Early critics' and festival screenings saw it did well; there was even Oscar buzz surrounding the film back when it was released last year in the States.  It just didn't have enough momentum or support that it could leverage to get voters to nominate the film for an Oscar, any Oscar.  Seeing this film, I would think another Best Original Screenplay nomination for writer-director J.C. Chandor would have been in the cards, or a supporting acting nomination for Jessica Chastain. 

But the pool of films this year is too competitive, easy to drown in and be forgotten.  Still, that doesn't take away the fact that Chandor is on an upward trajectory as a filmmaker, and his third feature (after Margin Call (2011) and All Is Lost (2013)) is his best to date. 

It is 1981.  The most violent year, as they say.  Things are heating up – corruption, fraud, police spot-checks, business rivalry.  For Oscar Issac, who plays Abel Morales, the cool-headed boss of an emerging oil company, he takes things in his stride, sometimes to the chagrin of his Armani-loving wife (Chastain). 

His business is becoming financially unstable, his truck drivers are being punched in the face by truck-jackers, his family is also under threat.  But as Abel puts it, he will only take the path that is most right.  Ever so calm and seemingly virtuous, Abel is a fascinating character put into scrutiny by other characters, and ourselves as viewers.  By that, I imply that Chandor's film is thought-provoking, much like his earlier films.
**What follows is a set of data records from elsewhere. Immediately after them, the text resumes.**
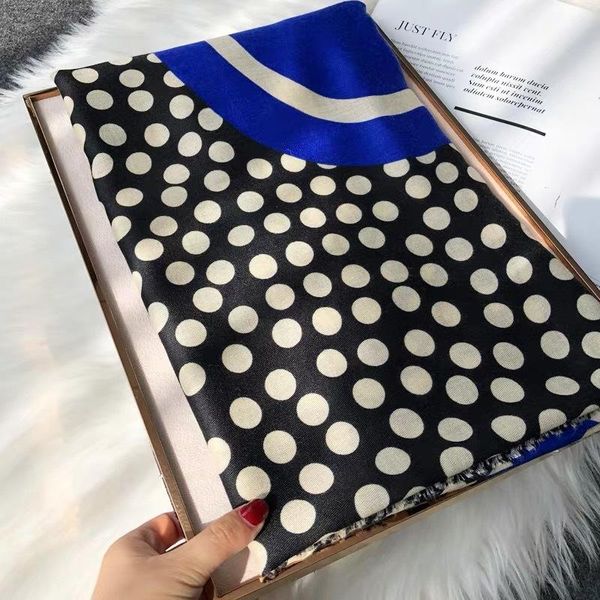 

scarves cotton and linen women joker black polka dot geometric leisure shawl tide in spring autumn, Blue;gray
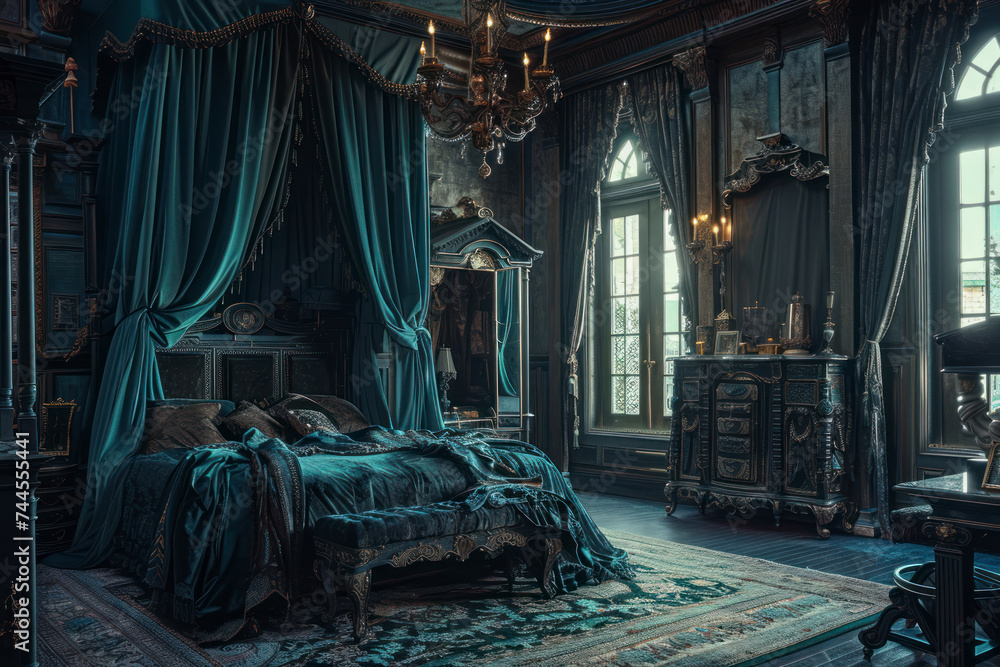Hauntingly beautiful Gothic bedroom draped in rich fabrics and adorned with antique furniture.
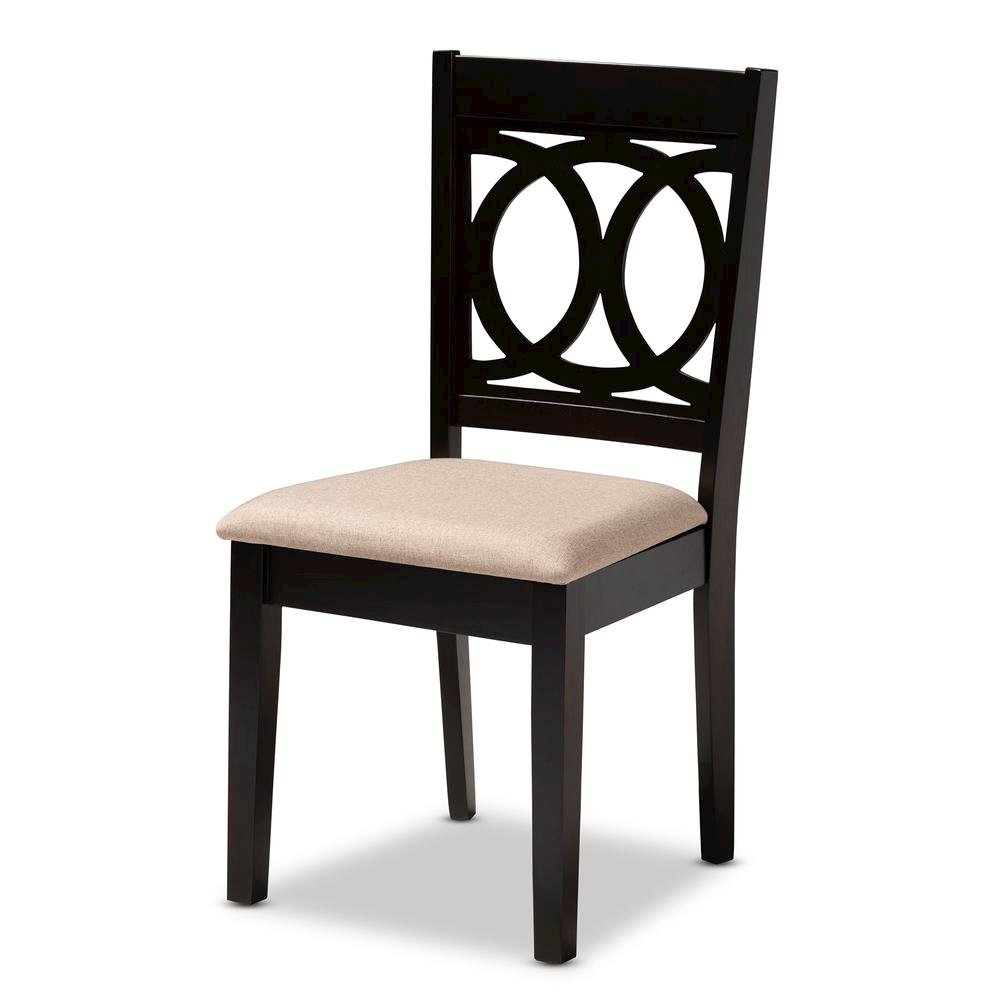Sand Fabric Upholstered Espresso Brown Finished Wood Dining Chair Set of 4. Picture 9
A Most Violent Year takes its time to develop, and it is a very talky film.  If you are bored easily, this might not be your cup of tea, however exciting the premise (seemingly promising a crime-gangster film) appears to be. 

But I like how the film builds to certain dramatic points, and then punctuates them with moments of sheer tension.  An example is a particular sequence involving an attempted truck-jacking in the middle of the film, with composer Alex Ebert's score changing the picture's rhythm and tone quite brilliantly. 

The performances are decent, but it is the relationships that hook you.  To Chandor's credit, he has made the film as unpredictable as he could, sometimes sacrificing a wee bit of logic.  Even if this will not go down as a classic, it is an admirable effort by an emerging filmmaker whom I think I will grow to like.

Verdict:  Takes its time to develop, while punctuated by moments of sheer tension, Chandor’s third feature sees him on an upward trajectory as a filmmaker.